▸ What the exercise asks
Give again only the lines from the line that holds "Off-White o1mle0824 Sleek" to the end of the data, inclusive, omitting all pictures.

■ ■ ■

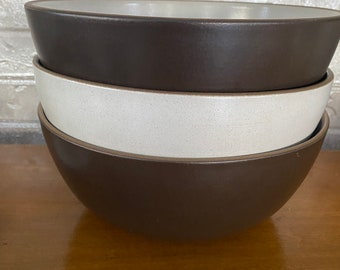 Vintage Heath Ceramics Brown + White Coupe Shape Dinnerware Large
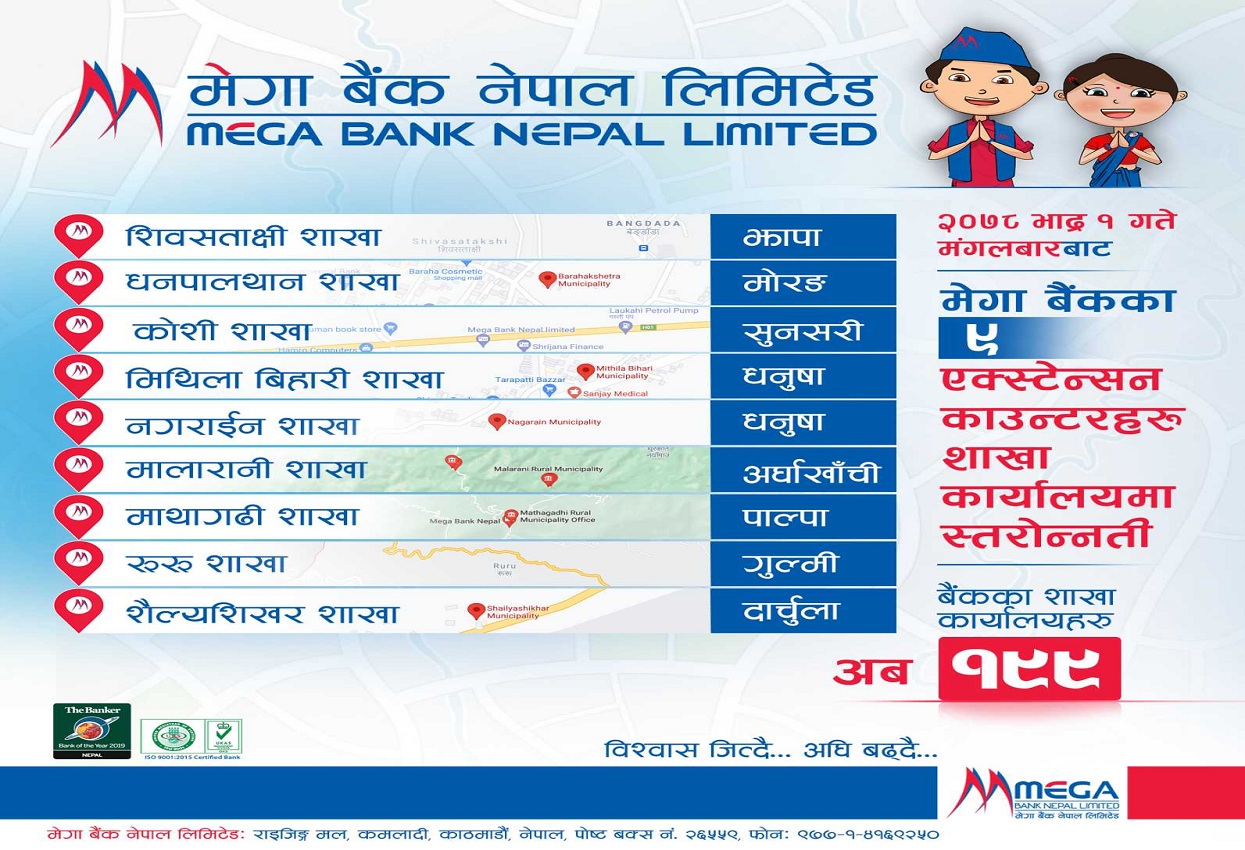 मेगा बैंकका ९ एक्सटेन्सन काउन्टर शाखा कार्यालयमा स्तरोन्नति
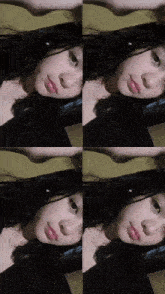 four images of a woman 's face are shown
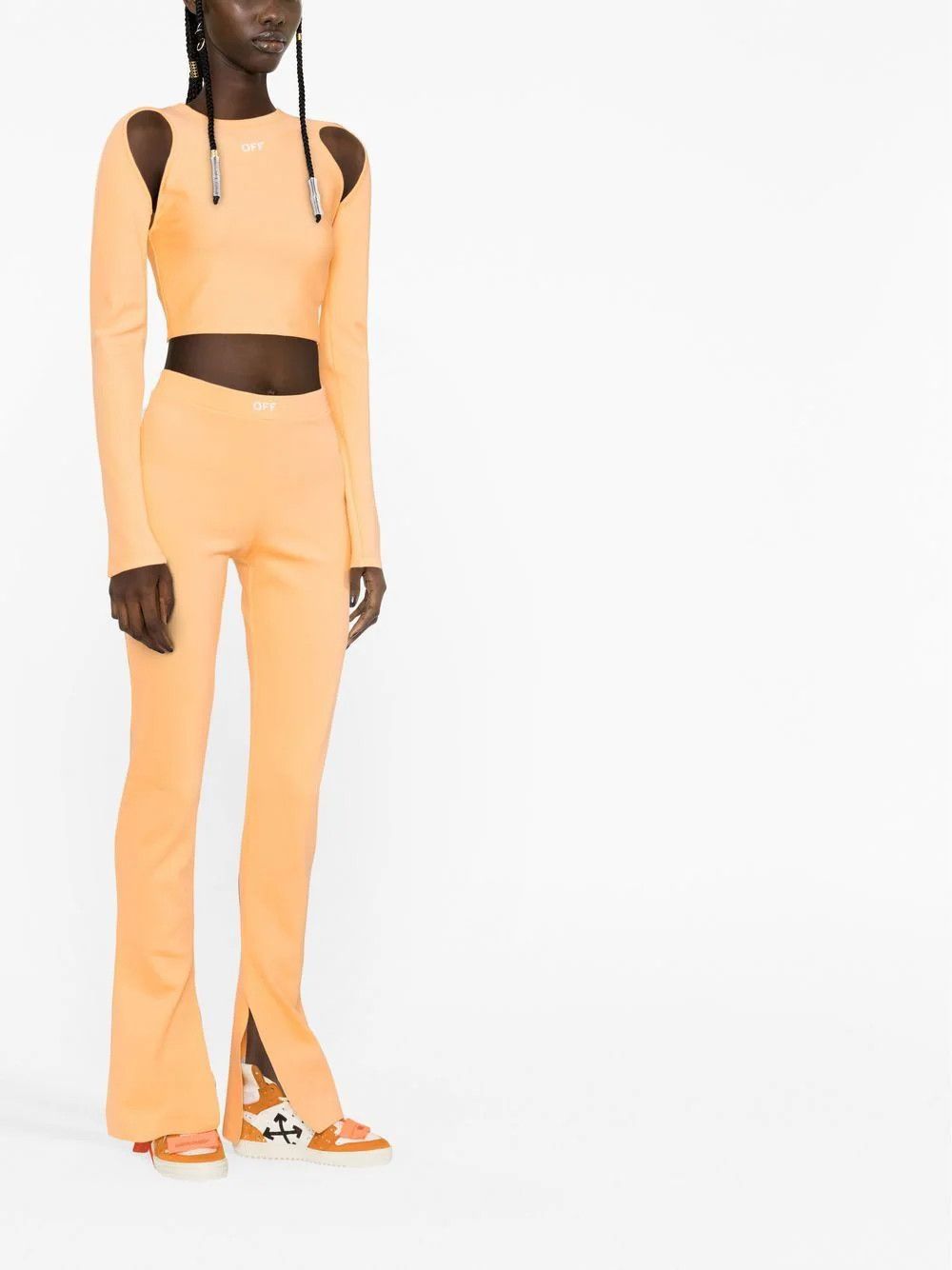 Off-White o1mle0824 Sleek Cut Out Long Sleeved Crop Top Peach Orange Size L / US 10 / IT 46 - 4 Thumbnail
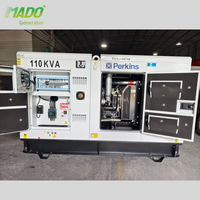 Groupe électrogène 110 kVA de secours, moteur Perkins 1104C-44TAG2, silencieux, triphasé, diesel, 80 kW, 88 kW, 100 kW pour l'irrigation agricole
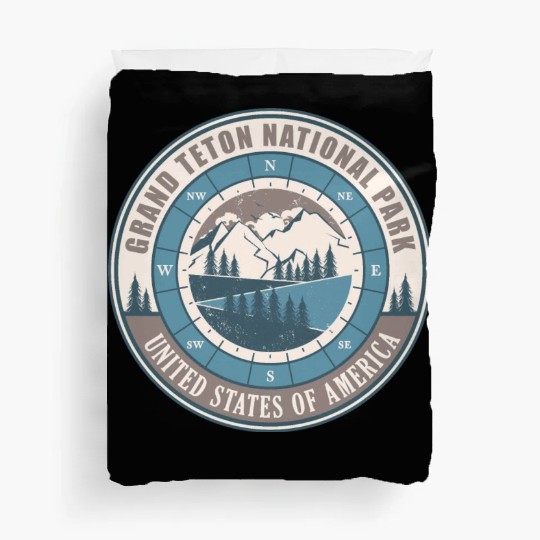 Grand Teton National Park US Vintage Hiking Duvet Covers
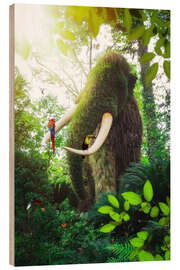 Trätavla Green mammoth with parrots in the tropical forest - Gen Z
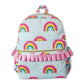 Colorful rainbow ruffle kids girls backpack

■ ■ ■

▸ Solution below
 Off-White o1mle0824 Sleek Cut Out Long Sleeved Crop Top Peach Orange Size L / US 10 / IT 46 - 4 Thumbnail
 Groupe électrogène 110 kVA de secours, moteur Perkins 1104C-44TAG2, silencieux, triphasé, diesel, 80 kW, 88 kW, 100 kW pour l'irrigation agricole
 Grand Teton National Park US Vintage Hiking Duvet Covers
 Trätavla Green mammoth with parrots in the tropical forest - Gen Z
 Colorful rainbow ruffle kids girls backpack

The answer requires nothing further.